Making use of time series trending for network security monitoring. A short history with examples.
Operational teams use these day in day out, the tools are there to organize and display reams of data in a quick and painless way.Time series trending is a source of indicators.
Strengths of time series trending
- detailed baseline
- displays seasonality
- highlights anomalies
- illustrates subtle changes
- provisioning planning
Strengths of time series trending using RRD databases
- fast visualization – anyone having had to suffer SQL based trending tools can attest
- low maintenance
- graphing flexibility
- capabilities can be extended
- no vendor lockin or annual maintenance fees
Making use of these strengths to identify threats is a secret recipe. Yeah, reaaally.
Here are some DNS based trends that can help quantify, understand and defend or cleanup against extrusion attemps or malware/botnet command and control communications.
- Trending the number of hits against security related blacklisted entries
- Trending the number of hits against .cn, .ru, etc. specific domains
- Trending the number of hits against honeypot entries
- Trending the number of hits by source IP
The data value can be extended by doing a bit of munging on the interesting bits.

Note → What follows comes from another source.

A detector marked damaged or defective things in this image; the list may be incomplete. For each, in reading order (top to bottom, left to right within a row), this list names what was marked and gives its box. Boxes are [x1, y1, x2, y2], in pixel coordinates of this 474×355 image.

- Google foo, to automate searchs of the IP addresses or DNS names to see if they are related to specific malware or botnets. This will help prioritize the cleaning efforts.
- Anomaly detection such as Holt-Winters smoothing with confidence intervals to identify anomalies in seasonality. Which, for the non-initate means: sudden traffic pattern changes such as traffic going 0 during normal hours or high usage during off-hours. Things that may not trigger a threshold, but that are out of seasonality.

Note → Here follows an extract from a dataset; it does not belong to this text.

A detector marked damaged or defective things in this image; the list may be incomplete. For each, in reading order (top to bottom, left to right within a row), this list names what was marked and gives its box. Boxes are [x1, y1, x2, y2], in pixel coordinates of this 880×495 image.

The information could also be reported in dashboards on a Splunk server for operational teams or management. Trending data over the long term also unshackles the administrator from defining hard limits in time of day use for what is normal and what is not. You can still define hard limits which can generate security events, but analysis is made much easier by seeing the whole time series.
Once identified the vector of the outbreak needs to be cleaned before nasty malware can move in (think Zeus variant).